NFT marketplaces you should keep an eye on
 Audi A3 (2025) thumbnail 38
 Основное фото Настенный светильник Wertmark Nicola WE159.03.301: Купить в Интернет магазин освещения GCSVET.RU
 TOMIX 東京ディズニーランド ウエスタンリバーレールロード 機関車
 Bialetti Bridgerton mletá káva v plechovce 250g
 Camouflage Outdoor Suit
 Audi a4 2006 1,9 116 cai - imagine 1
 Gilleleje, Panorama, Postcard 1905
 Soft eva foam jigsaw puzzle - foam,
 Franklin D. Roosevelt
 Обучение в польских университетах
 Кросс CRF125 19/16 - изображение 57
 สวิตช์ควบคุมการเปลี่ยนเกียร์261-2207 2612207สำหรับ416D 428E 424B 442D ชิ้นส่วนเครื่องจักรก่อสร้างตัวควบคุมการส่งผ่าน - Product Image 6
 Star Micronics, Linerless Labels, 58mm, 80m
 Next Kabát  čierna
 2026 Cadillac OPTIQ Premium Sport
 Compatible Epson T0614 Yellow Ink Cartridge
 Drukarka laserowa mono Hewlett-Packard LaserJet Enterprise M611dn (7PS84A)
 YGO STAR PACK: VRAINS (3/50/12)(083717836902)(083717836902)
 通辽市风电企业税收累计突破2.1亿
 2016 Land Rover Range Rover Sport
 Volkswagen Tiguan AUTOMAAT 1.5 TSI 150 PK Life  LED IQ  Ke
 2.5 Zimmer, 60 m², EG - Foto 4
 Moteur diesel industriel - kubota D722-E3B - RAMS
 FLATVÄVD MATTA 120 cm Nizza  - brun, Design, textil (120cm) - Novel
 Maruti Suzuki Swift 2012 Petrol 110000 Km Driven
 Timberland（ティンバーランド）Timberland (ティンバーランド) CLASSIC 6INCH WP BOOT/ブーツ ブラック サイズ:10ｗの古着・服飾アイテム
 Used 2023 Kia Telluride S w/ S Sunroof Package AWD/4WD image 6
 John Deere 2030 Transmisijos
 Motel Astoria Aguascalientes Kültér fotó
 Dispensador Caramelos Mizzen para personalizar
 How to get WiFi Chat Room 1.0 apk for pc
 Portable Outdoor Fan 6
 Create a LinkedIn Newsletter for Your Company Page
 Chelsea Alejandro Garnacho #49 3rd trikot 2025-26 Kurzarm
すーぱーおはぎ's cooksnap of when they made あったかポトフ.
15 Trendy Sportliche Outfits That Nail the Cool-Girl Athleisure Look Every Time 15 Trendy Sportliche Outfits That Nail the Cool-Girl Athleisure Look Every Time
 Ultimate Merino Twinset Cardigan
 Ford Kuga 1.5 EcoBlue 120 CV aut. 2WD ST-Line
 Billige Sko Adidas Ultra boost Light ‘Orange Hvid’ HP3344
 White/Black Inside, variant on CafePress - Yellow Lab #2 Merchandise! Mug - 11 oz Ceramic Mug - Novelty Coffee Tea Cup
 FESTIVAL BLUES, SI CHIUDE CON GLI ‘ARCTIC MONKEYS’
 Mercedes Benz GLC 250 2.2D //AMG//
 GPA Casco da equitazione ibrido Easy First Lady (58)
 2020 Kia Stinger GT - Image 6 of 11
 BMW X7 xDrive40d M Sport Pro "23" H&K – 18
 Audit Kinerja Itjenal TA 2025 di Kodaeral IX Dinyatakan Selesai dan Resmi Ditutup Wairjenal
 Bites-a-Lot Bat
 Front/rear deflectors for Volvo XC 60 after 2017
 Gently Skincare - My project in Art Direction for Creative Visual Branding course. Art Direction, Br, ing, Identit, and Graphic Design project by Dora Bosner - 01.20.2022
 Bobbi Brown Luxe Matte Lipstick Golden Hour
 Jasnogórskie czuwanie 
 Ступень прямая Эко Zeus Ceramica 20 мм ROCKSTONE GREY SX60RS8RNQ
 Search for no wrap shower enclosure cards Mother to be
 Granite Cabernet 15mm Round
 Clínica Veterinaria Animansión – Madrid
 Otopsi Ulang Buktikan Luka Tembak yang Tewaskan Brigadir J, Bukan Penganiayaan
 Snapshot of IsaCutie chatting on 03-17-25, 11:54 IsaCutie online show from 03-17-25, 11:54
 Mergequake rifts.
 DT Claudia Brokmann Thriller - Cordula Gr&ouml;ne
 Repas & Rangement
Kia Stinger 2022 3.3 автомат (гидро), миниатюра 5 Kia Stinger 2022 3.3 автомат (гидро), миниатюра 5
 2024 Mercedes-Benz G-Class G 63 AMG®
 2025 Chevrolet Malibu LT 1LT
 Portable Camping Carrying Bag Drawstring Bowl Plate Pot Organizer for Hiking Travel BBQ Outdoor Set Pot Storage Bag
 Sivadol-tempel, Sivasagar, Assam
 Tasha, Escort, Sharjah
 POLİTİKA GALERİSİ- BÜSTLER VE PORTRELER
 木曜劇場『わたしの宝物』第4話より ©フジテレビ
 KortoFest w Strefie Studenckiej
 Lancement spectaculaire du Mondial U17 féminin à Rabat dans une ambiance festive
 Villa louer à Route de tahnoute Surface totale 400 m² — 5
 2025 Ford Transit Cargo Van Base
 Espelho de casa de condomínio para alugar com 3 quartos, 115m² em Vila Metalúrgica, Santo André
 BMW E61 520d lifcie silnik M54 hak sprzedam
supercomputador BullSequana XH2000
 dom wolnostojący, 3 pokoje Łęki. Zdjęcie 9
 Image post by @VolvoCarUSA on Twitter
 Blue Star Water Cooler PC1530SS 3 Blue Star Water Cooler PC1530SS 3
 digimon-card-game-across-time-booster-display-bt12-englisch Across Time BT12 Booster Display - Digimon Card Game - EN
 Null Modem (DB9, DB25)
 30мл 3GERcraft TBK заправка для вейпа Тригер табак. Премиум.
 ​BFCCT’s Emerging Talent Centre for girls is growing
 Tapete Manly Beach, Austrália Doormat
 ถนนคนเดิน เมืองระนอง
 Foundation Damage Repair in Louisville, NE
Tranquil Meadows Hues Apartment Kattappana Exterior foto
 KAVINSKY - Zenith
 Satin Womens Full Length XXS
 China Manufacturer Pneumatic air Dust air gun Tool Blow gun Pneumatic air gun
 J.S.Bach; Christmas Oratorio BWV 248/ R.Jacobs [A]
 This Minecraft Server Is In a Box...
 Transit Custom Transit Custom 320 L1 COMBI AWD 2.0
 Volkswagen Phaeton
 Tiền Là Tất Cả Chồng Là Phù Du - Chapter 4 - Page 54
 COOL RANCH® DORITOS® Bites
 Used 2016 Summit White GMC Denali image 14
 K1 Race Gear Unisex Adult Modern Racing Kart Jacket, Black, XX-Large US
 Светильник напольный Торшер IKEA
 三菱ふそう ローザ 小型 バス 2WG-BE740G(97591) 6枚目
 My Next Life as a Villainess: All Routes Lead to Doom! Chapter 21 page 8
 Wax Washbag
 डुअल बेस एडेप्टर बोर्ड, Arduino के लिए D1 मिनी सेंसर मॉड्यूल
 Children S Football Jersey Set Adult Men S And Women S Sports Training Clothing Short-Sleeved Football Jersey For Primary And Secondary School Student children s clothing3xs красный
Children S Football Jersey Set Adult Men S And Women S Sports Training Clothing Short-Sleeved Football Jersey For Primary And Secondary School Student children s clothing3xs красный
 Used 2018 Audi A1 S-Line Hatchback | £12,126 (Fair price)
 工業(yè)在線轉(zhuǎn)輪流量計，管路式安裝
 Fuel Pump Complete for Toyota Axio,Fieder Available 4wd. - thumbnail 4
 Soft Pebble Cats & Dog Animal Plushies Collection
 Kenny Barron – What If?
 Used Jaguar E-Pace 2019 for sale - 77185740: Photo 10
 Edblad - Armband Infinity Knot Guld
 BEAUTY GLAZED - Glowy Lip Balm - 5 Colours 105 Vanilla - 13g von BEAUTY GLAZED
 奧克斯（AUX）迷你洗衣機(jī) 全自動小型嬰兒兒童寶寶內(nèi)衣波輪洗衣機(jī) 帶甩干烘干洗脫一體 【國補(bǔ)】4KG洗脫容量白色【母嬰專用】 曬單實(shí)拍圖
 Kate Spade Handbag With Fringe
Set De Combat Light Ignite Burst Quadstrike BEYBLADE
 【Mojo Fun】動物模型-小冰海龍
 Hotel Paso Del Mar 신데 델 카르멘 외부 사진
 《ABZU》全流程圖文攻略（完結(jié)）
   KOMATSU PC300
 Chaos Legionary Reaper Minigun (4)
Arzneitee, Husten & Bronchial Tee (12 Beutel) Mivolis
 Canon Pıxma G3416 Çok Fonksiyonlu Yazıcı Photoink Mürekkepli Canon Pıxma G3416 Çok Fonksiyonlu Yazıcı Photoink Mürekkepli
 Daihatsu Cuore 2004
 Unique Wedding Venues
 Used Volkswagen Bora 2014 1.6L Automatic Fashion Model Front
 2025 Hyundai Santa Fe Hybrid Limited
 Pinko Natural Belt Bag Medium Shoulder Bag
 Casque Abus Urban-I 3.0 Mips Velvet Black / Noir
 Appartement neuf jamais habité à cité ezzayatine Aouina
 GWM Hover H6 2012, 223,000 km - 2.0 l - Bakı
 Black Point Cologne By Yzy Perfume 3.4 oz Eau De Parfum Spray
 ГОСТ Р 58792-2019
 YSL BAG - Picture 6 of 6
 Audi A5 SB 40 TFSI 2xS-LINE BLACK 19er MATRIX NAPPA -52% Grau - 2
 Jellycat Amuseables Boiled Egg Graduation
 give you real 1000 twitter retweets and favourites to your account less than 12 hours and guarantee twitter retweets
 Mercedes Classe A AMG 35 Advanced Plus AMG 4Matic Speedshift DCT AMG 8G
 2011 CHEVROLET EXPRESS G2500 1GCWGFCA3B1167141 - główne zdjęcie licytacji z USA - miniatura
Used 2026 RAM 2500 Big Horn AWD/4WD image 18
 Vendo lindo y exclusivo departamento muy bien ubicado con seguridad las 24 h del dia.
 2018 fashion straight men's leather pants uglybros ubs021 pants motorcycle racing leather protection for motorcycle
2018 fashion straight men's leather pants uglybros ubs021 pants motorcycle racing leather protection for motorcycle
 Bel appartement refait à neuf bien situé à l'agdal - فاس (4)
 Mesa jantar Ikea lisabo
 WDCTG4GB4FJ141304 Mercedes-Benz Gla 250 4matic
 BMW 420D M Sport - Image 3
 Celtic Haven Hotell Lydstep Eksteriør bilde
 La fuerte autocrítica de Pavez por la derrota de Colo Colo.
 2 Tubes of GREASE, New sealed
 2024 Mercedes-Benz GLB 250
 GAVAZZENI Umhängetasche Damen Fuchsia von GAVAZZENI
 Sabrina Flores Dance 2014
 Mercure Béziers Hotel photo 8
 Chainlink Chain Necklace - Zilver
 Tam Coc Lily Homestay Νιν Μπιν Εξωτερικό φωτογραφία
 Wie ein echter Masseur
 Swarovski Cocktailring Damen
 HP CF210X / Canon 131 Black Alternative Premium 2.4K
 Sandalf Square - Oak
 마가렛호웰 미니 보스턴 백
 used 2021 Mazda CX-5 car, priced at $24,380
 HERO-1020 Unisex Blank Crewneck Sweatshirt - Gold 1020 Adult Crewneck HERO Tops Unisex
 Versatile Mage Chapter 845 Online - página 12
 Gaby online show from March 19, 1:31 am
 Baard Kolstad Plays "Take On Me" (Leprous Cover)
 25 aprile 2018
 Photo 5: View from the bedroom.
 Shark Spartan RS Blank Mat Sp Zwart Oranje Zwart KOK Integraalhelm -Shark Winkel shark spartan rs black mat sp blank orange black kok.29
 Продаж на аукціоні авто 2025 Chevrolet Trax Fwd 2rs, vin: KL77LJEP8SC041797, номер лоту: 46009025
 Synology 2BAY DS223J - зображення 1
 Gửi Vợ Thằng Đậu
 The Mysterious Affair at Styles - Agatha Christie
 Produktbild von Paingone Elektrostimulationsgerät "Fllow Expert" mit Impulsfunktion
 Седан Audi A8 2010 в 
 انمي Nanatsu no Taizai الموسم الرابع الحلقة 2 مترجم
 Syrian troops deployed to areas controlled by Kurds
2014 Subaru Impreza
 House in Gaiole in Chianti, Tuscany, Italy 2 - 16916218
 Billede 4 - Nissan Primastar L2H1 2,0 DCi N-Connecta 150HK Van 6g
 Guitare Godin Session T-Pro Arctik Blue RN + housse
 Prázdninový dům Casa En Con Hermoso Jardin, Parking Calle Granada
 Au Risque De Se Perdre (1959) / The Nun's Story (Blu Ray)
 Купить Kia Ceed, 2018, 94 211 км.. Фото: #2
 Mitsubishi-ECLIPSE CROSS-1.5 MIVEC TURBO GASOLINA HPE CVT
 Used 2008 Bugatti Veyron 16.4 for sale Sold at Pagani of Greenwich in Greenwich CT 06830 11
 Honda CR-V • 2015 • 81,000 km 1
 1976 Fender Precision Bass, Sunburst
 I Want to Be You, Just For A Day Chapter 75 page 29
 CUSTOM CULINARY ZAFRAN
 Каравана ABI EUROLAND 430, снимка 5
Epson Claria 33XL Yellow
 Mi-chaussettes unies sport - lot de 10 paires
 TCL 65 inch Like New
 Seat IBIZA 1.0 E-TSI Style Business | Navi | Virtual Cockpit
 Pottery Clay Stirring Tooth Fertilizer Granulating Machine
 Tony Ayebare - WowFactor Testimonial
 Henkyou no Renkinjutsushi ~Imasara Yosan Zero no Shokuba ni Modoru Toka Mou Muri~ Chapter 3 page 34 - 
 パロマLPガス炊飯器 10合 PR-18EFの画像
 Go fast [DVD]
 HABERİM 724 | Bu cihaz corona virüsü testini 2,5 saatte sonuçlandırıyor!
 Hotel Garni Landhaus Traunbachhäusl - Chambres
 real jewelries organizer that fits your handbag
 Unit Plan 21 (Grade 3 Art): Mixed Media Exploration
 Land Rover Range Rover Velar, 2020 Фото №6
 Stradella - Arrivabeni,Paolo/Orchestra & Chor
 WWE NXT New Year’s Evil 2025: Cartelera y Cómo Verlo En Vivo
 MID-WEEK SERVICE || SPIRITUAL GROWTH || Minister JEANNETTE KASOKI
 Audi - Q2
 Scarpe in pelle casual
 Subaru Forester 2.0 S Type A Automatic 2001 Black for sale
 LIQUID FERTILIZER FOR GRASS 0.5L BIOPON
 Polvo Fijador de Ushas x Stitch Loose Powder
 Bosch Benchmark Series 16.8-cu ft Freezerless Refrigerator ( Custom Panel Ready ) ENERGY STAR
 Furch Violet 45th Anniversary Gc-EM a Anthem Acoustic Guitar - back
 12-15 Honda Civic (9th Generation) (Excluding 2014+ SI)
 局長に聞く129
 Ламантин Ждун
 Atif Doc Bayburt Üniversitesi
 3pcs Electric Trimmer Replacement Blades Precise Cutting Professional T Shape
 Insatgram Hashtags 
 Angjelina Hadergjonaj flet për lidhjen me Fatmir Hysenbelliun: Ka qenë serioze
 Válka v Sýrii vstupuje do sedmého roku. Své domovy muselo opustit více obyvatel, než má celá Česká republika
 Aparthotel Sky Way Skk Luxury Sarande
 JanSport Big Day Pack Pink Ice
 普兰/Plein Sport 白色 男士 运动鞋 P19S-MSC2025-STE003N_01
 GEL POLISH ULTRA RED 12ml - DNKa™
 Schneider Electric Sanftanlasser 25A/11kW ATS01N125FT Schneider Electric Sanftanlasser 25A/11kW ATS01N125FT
====================
Precisely the lines between those holding "COOL RANCH® DORITOS® Bites" and "YSL BAG - Picture 6 of 6", inclusive, are to be reproduced from the listing above, with nothing added.

 COOL RANCH® DORITOS® Bites
 Used 2016 Summit White GMC Denali image 14
 K1 Race Gear Unisex Adult Modern Racing Kart Jacket, Black, XX-Large US
 Светильник напольный Торшер IKEA
 三菱ふそう ローザ 小型 バス 2WG-BE740G(97591) 6枚目
 My Next Life as a Villainess: All Routes Lead to Doom! Chapter 21 page 8
 Wax Washbag
 डुअल बेस एडेप्टर बोर्ड, Arduino के लिए D1 मिनी सेंसर मॉड्यूल
 Children S Football Jersey Set Adult Men S And Women S Sports Training Clothing Short-Sleeved Football Jersey For Primary And Secondary School Student children s clothing3xs красный
Children S Football Jersey Set Adult Men S And Women S Sports Training Clothing Short-Sleeved Football Jersey For Primary And Secondary School Student children s clothing3xs красный
 Used 2018 Audi A1 S-Line Hatchback | £12,126 (Fair price)
 工業(yè)在線轉(zhuǎn)輪流量計，管路式安裝
 Fuel Pump Complete for Toyota Axio,Fieder Available 4wd. - thumbnail 4
 Soft Pebble Cats & Dog Animal Plushies Collection
 Kenny Barron – What If?
 Used Jaguar E-Pace 2019 for sale - 77185740: Photo 10
 Edblad - Armband Infinity Knot Guld
 BEAUTY GLAZED - Glowy Lip Balm - 5 Colours 105 Vanilla - 13g von BEAUTY GLAZED
 奧克斯（AUX）迷你洗衣機(jī) 全自動小型嬰兒兒童寶寶內(nèi)衣波輪洗衣機(jī) 帶甩干烘干洗脫一體 【國補(bǔ)】4KG洗脫容量白色【母嬰專用】 曬單實(shí)拍圖
 Kate Spade Handbag With Fringe
Set De Combat Light Ignite Burst Quadstrike BEYBLADE
 【Mojo Fun】動物模型-小冰海龍
 Hotel Paso Del Mar 신데 델 카르멘 외부 사진
 《ABZU》全流程圖文攻略（完結(jié)）
   KOMATSU PC300
 Chaos Legionary Reaper Minigun (4)
Arzneitee, Husten & Bronchial Tee (12 Beutel) Mivolis
 Canon Pıxma G3416 Çok Fonksiyonlu Yazıcı Photoink Mürekkepli Canon Pıxma G3416 Çok Fonksiyonlu Yazıcı Photoink Mürekkepli
 Daihatsu Cuore 2004
 Unique Wedding Venues
 Used Volkswagen Bora 2014 1.6L Automatic Fashion Model Front
 2025 Hyundai Santa Fe Hybrid Limited
 Pinko Natural Belt Bag Medium Shoulder Bag
 Casque Abus Urban-I 3.0 Mips Velvet Black / Noir
 Appartement neuf jamais habité à cité ezzayatine Aouina
 GWM Hover H6 2012, 223,000 km - 2.0 l - Bakı
 Black Point Cologne By Yzy Perfume 3.4 oz Eau De Parfum Spray
 ГОСТ Р 58792-2019
 YSL BAG - Picture 6 of 6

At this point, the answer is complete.